Du recrutement à la gestion des conflits, en passant par l’équilibre des tâches, Hervé, Alexandre, Jean-Marie et Caroline se confient sur les aléas de leurs premières années. Des retours d’expérience précieux pour se rassurer sur ses propres erreurs, et se préparer à rebondir lorsque d’autres embûches se présenteront.

« J’étais paresseux dans le recrutement des membres de mon équipe »

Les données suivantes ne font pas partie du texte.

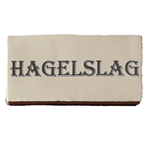 Cocina Crema 7.5x15 cm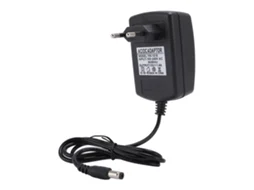Aetheria adaptador de Energia 12v 1.5a Plugue Eu com Cabo 93cm para Telas Led Consoles de Jogos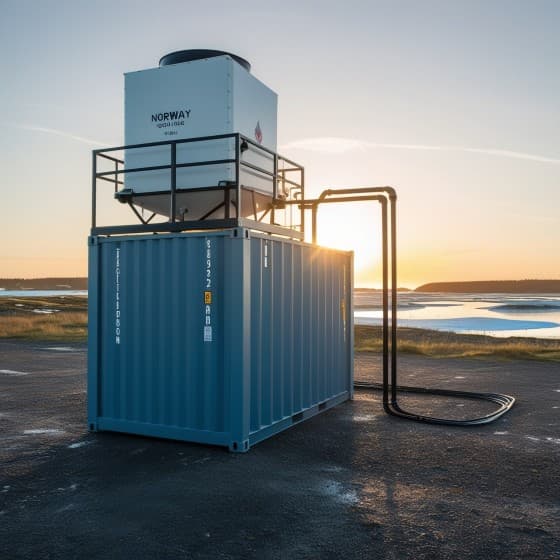 Turning waste heat into value since 2016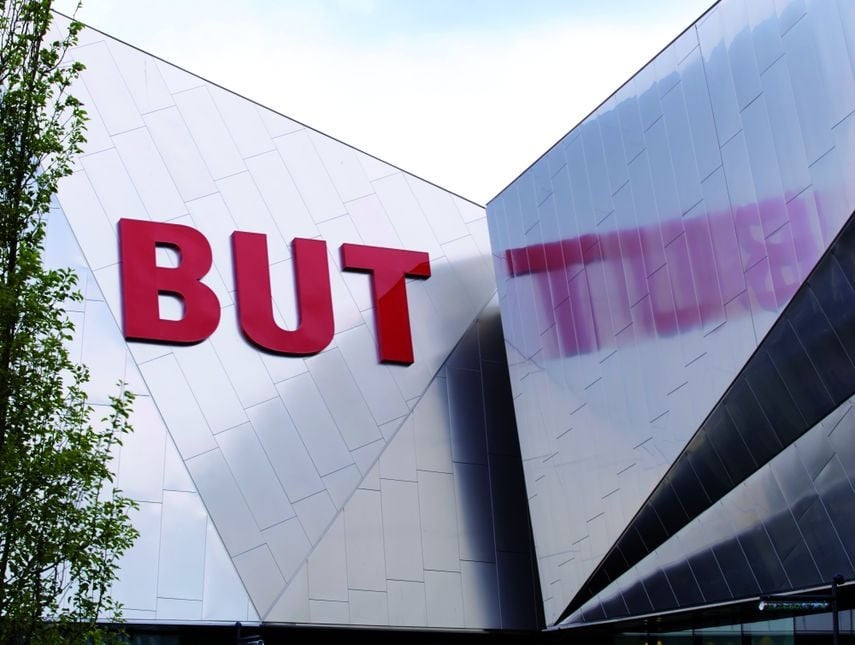 Rejoindre la famille BUT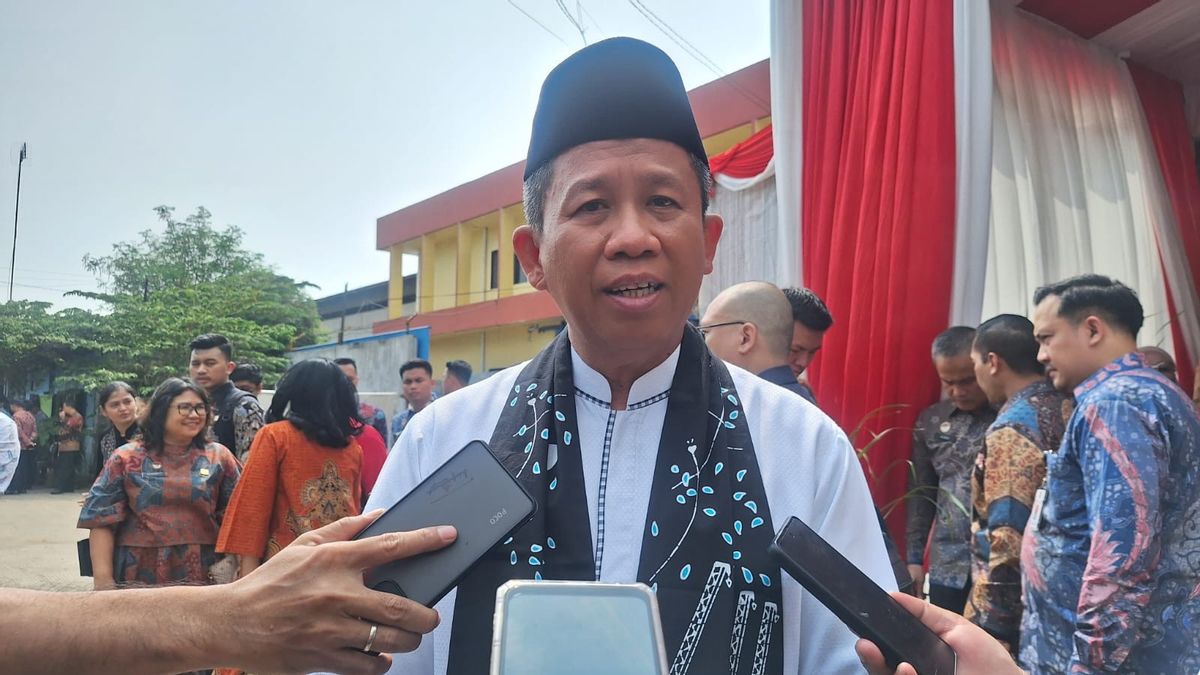 Jakut City Government Will Dismiss ASN If Found Out To Be Involved In Judol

En 2007, Hervé, ancien ingénieur en informatique industrielle, a repris le management d’une équipe depuis un an lorsqu’on lui offre la possibilité de recruter deux nouveaux équipiers pour renforcer son pôle. « Pour la première fois, j’avais mon mot à dire, se souvient-il. J’ai contacté les ressources humaines pour récupérer des CV, considérant que cette partie du travail relevait de leurs responsabilités. » Hervé reçoit alors plusieurs candidats, en sélectionne deux, qui se révèlent « bons, mais sans plus ».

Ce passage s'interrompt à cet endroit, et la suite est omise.